— The task —
In the listing below, locate the line containing "Developed in northumberland, england, in" and the line containing "Johann Wolfgang von". Output both of them and every line between, exactly as written, and nothing more.

— Extracted data —
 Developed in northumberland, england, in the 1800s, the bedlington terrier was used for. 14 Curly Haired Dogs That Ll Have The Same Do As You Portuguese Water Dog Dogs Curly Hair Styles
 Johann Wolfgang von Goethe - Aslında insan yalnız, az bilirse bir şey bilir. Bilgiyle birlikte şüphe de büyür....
* * *
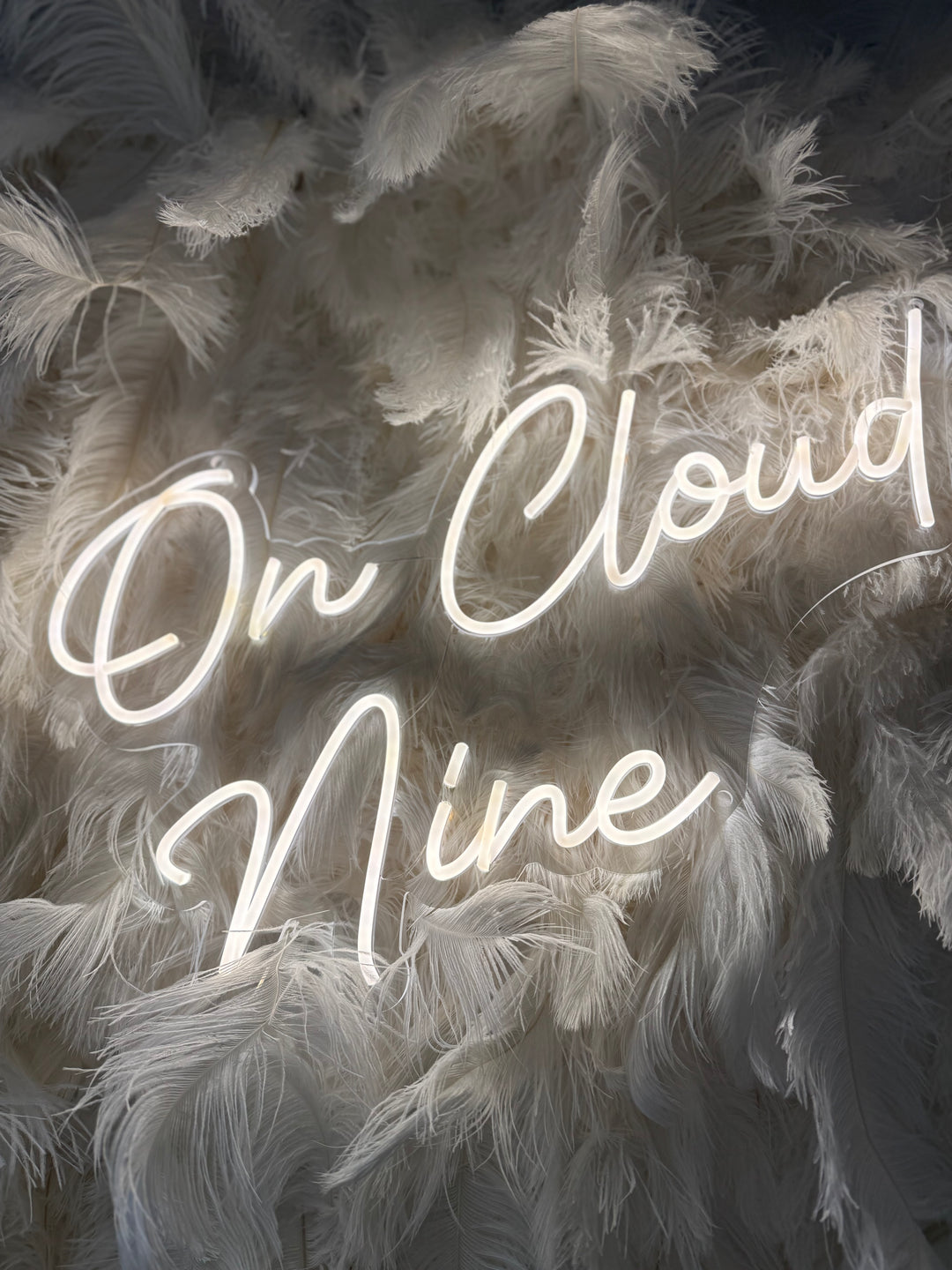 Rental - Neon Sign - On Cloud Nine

— Your response —
 Developed in northumberland, england, in the 1800s, the bedlington terrier was used for. 14 Curly Haired Dogs That Ll Have The Same Do As You Portuguese Water Dog Dogs Curly Hair Styles
 Johann Wolfgang von Goethe - Aslında insan yalnız, az bilirse bir şey bilir. Bilgiyle birlikte şüphe de büyür....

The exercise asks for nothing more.